== Records shown

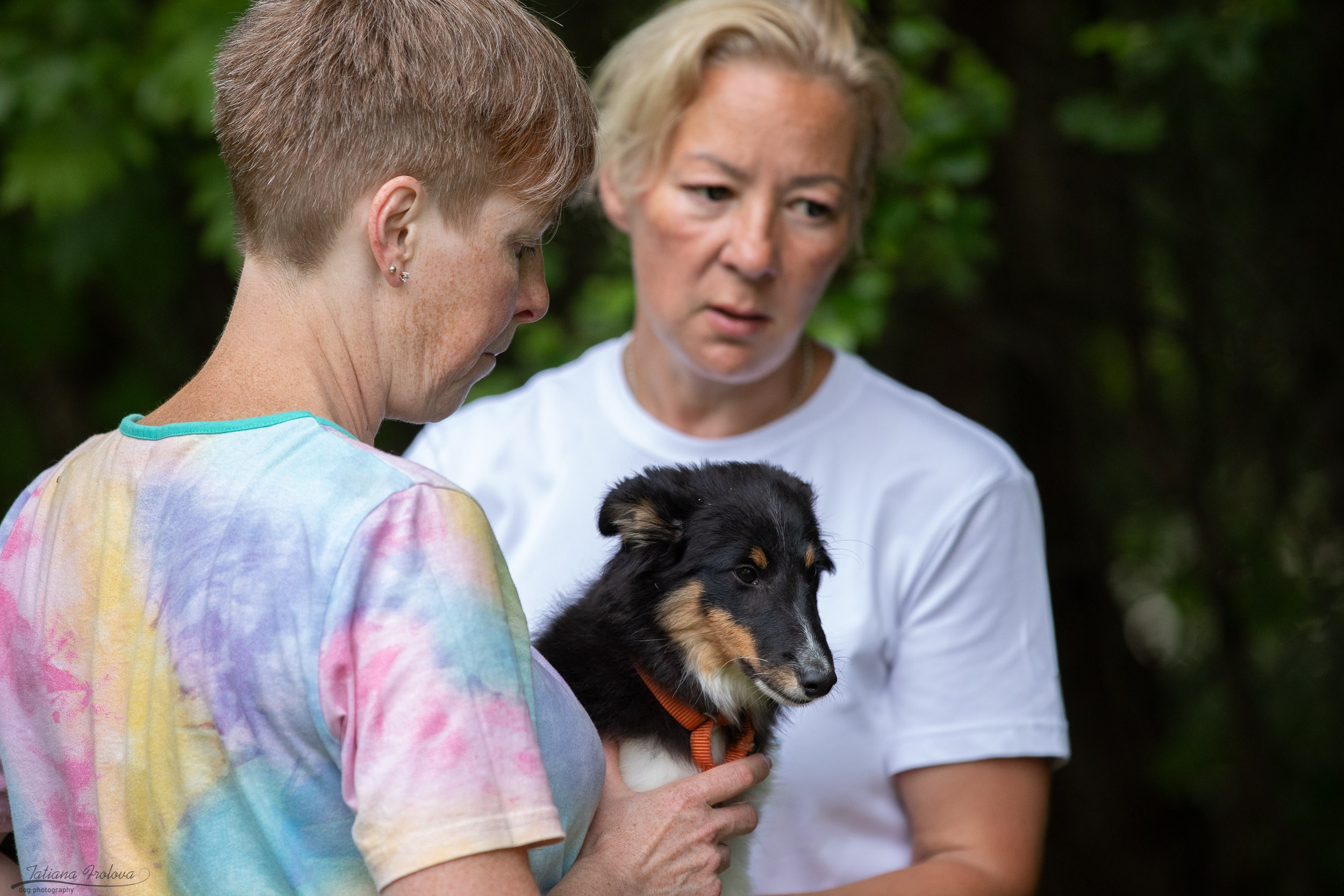 Репортаж с выводки молодняка колли/шелти в Ясенево. Фотограф-анималист в Москве и Московской области Татьяна Фролова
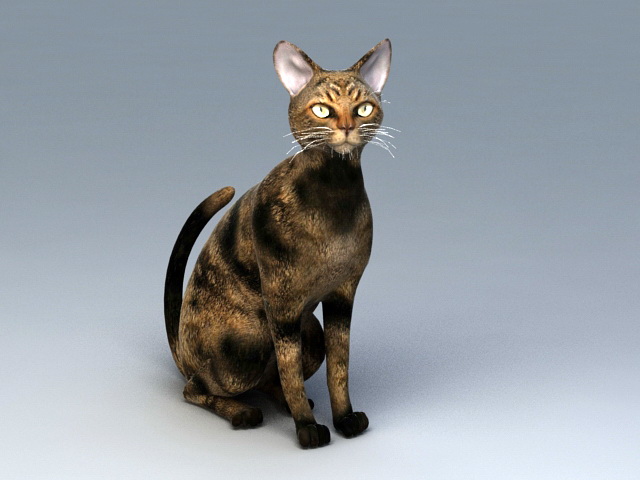 American Shorthair Cat 3d Model Download For Free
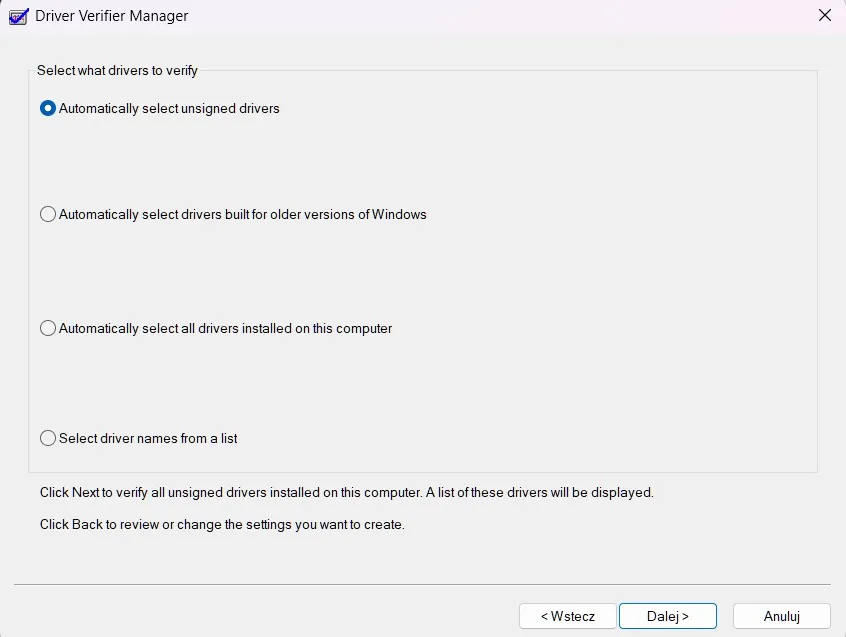 driver verifier
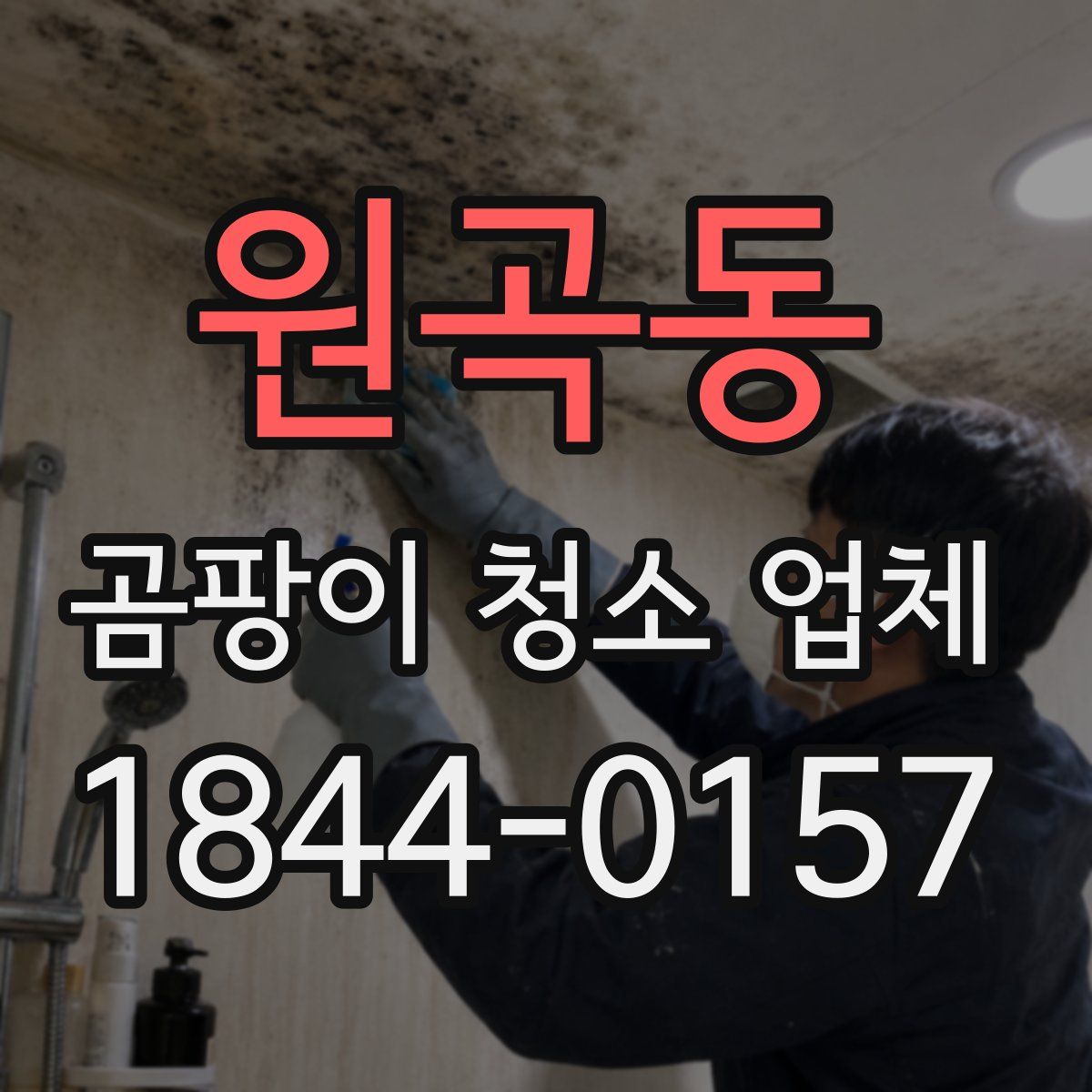 원곡동 곰팡이 청소 업체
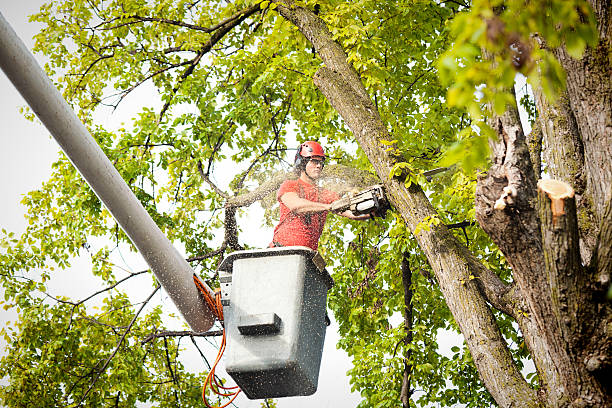 Best Tree Health Inspection  in Montague, CA
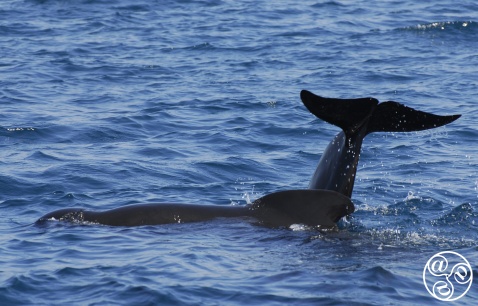 Have a whale of a time in Tarifa.   © Michelle Chaplow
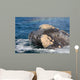 Headshot Southern Right Whale Wall Decal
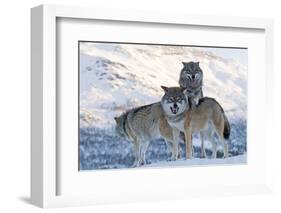 Three European Grey Wolves (Canis Lupus), Captive, Norway, February-Edwin Giesbers-Framed Photographic Print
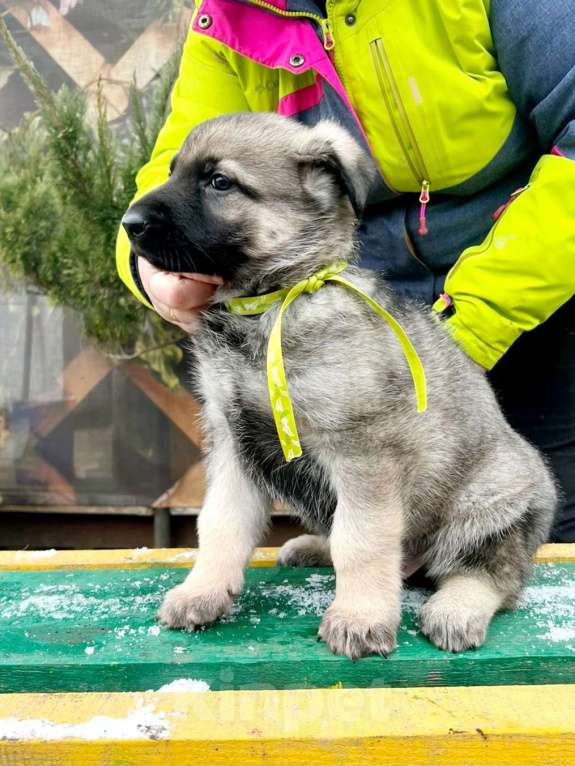Собаки в Москве: Щенки вео  Девочка, 50 000 руб. - фото 3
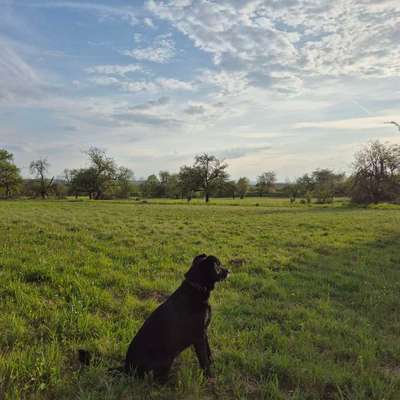 Hundetreffen-Hundetreffen 🌸-Bild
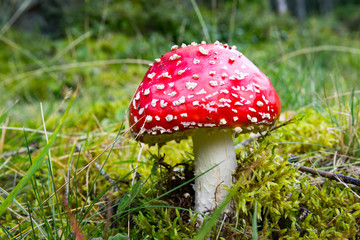 fly agaric mushroom on green grass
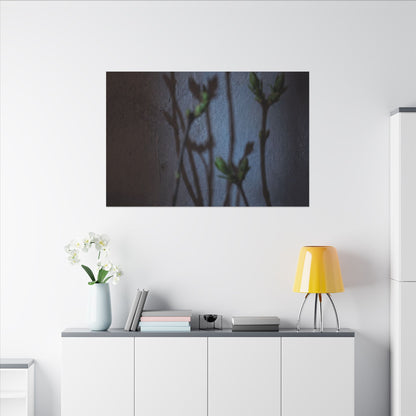 Shadow Play Spring Canvas Art | Dark Japandi Sophisticated Design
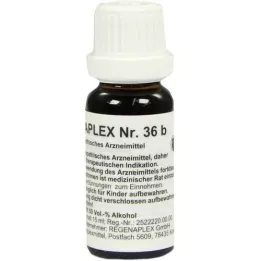 REGENAPLEX No.36 B drops, 15 ml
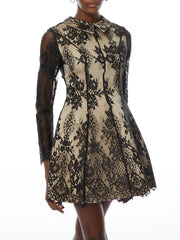 A-line mini dress with lace overlay and high waist placement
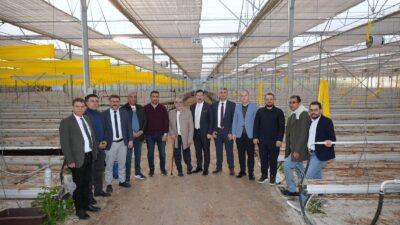 Bursa'nın Yenişehir ilçesinde 2026 yılında yetişecekn ürünler artık Libya pazarında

====

The records above are to be repeated exactly, with every picture removed from the copy.

**Response**:
 Репортаж с выводки молодняка колли/шелти в Ясенево. Фотограф-анималист в Москве и Московской области Татьяна Фролова
 American Shorthair Cat 3d Model Download For Free
 driver verifier
 원곡동 곰팡이 청소 업체
 Best Tree Health Inspection  in Montague, CA
 Have a whale of a time in Tarifa.   © Michelle Chaplow
 Headshot Southern Right Whale Wall Decal
 Three European Grey Wolves (Canis Lupus), Captive, Norway, February-Edwin Giesbers-Framed Photographic Print
Собаки в Москве: Щенки вео  Девочка, 50 000 руб. - фото 3
 Hundetreffen-Hundetreffen 🌸-Bild
 fly agaric mushroom on green grass
 Shadow Play Spring Canvas Art | Dark Japandi Sophisticated Design
 REGENAPLEX No.36 B drops, 15 ml
 A-line mini dress with lace overlay and high waist placement
 Bursa'nın Yenişehir ilçesinde 2026 yılında yetişecekn ürünler artık Libya pazarında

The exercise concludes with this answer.